Overfitting
Last updated June 10, 2026
What is Overfitting in simple terms?
In simple terms, overfitting is when an AI memorizes instead of understanding. It nails the exact examples it studied but flunks anything new — like a student who memorized past exam papers and is lost when the real questions differ.
What is Overfitting?
Overfitting is when a machine learning model learns its training data too closely — memorizing the noise and quirks of those specific examples rather than the general pattern — so it performs well on data it has seen but poorly on new, unseen data.
The whole point of a machine learning model is to handle new situations it hasn't encountered before. Overfitting is the failure mode where a model becomes brilliant at the examples it trained on and useless on everything else. It happens when the model latches onto not just the genuine, repeatable pattern in the training data but also the accidental quirks — the noise, the flukes, the one-off coincidences that won't show up again. Because it has effectively memorized the training set rather than learned the underlying rule, it looks fantastic during training and then stumbles the moment it faces real, unseen data. An overfitted model has confused the specifics of its examples for the general truth they were supposed to illustrate.
The classic way this reveals itself is a telling gap: the model scores extremely well on its training data but noticeably worse when tested on data it hasn't seen. That's exactly why machine learning teams always hold back a separate test set the model never trains on — it's the only honest way to catch overfitting, since a model judged solely on the examples it studied will always look better than it really is. Overfitting tends to creep in when a model is more complex than the problem warrants, when there's too little training data, or when the model is trained too long on the same examples, giving it room and time to memorize rather than generalize. Its opposite, underfitting, is the reverse mistake — a model too simple to capture even the real pattern — and the craft of machine learning lives in the balance between the two.
Fortunately, overfitting is a well-understood problem with a toolkit of remedies. Gathering more and more varied training data gives the model less room to memorize and forces it to find patterns that actually generalize. Deliberately simplifying the model, stopping training before it starts memorizing, and techniques grouped under the name regularization — which gently penalize needless complexity — all push a model toward the general rule rather than the specific examples. The goal throughout is generalization: a model that has learned the signal and ignored the noise, so that it performs nearly as well on tomorrow's unseen data as it did on yesterday's training set. Managing overfitting is one of the most fundamental everyday skills in building machine learning that works in the real world rather than just in the lab.
Real-world example of Overfitting
A student is preparing for a driving theory test and gets hold of last year's exam, which he studies until he can answer every single question on it perfectly. He feels ready. But on test day the questions are different — same rules of the road, different wording and examples — and he struggles, because he memorized the answers to specific past questions instead of actually learning how to drive safely. A model that overfits makes the identical mistake: it aces the exact examples in its training data and falls apart on new ones, because it stored the particular cases rather than the general understanding behind them. The fix for both is the same in spirit — learn the underlying principle, not the specific past questions.
Related terms
Frequently asked questions about Overfitting
What is the difference between overfitting and underfitting?

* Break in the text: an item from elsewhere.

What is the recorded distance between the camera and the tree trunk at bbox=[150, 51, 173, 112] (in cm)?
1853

They're opposite failures. Overfitting is when a model learns the training data too closely — capturing its noise and quirks — so it excels on familiar examples but fails on new ones. Underfitting is when a model is too simple or undertrained to capture even the real pattern, so it does poorly on everything, training data included. Good machine learning aims for the sweet spot between them: a model complex enough to learn the genuine signal but not so complex that it memorizes the noise.
How do you know if a model is overfitting?
The telltale sign is a large gap between how well it does on data it trained on versus data it has never seen. If a model scores excellently on its training set but distinctly worse on a separate test set, it has likely memorized rather than generalized. This is precisely why teams always evaluate on held-out data the model didn't learn from — testing only on the training examples would hide the problem, since an overfitted model looks great right up until it meets something new.
How do you prevent overfitting?
Several complementary tactics. Use more and more varied training data so there's less room to memorize; keep the model no more complex than the problem requires; stop training before it starts fitting the noise; and apply regularization, which discourages needless complexity. Techniques like cross-validation help detect it early. The unifying aim is to push the model toward the general pattern that will hold on future data, rather than letting it cling to the accidental details of the examples it happened to see.